All in a hot and copper sky,
The bloody Sun, at noon,
Right up above the mast did stand,
No bigger than the Moon.
Day after day, day after day,
We stuck, nor breath nor motion;
As idle as a painted ship
Upon a painted ocean.
With no wind, my little boat might be trapped for days or weeks under the merciless July sun without making advance. I could run out of RC Cola and Cheez Doodles before ever reaching land-fall, especially if I kept sharing my lunch with the local albatross, (for good luck, of course,) though ultimately if I was adrift for too long or it was getting close to dinner, my parents would send my brother motoring over in the dinghy to tow me in. I don't think they ever realized that I wasn't really looking to be rescued.

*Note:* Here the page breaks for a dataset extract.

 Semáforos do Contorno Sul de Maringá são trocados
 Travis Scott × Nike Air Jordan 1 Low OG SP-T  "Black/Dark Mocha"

For the next twenty years I continued to sail boats that lacked any form of mechanical propulsion. Even when I finally sailed a boat with an outboard on the stern, when the wind left me with an empty sail and no headway, firing up the motor was my absolute last resort. So long as time and safety permitted I'd simply sit, dead in the water. I'd grab a book from the cabin, put my feet up and kick back with that ultimate excuse to relax and go nowhere, my only motion a lazy roll as I drifted with the tide. It was also one of the reasons I preferred to sail alone; if I had any company aboard I'd be met with dismay, frustration or sarcasm.
"This is sailing?"
Actually, yes it is, in the truest sense. To sail is to move in harmony with the waves and the water. Sailing is to take the wind as it comes, to adjust our sails or to simply stare up at them as they hang limp and useless. Sitting in Doldrums, surrounded by that all encompassing stillness, drifting with the flow, lying back and gazing out at the water, scanning for any hint of a breeze stirring the surface… that is, indeed, sailing. Sails may be slack, but winds will return. They always do, and with sailing is an acceptance that there are forces beyond our control.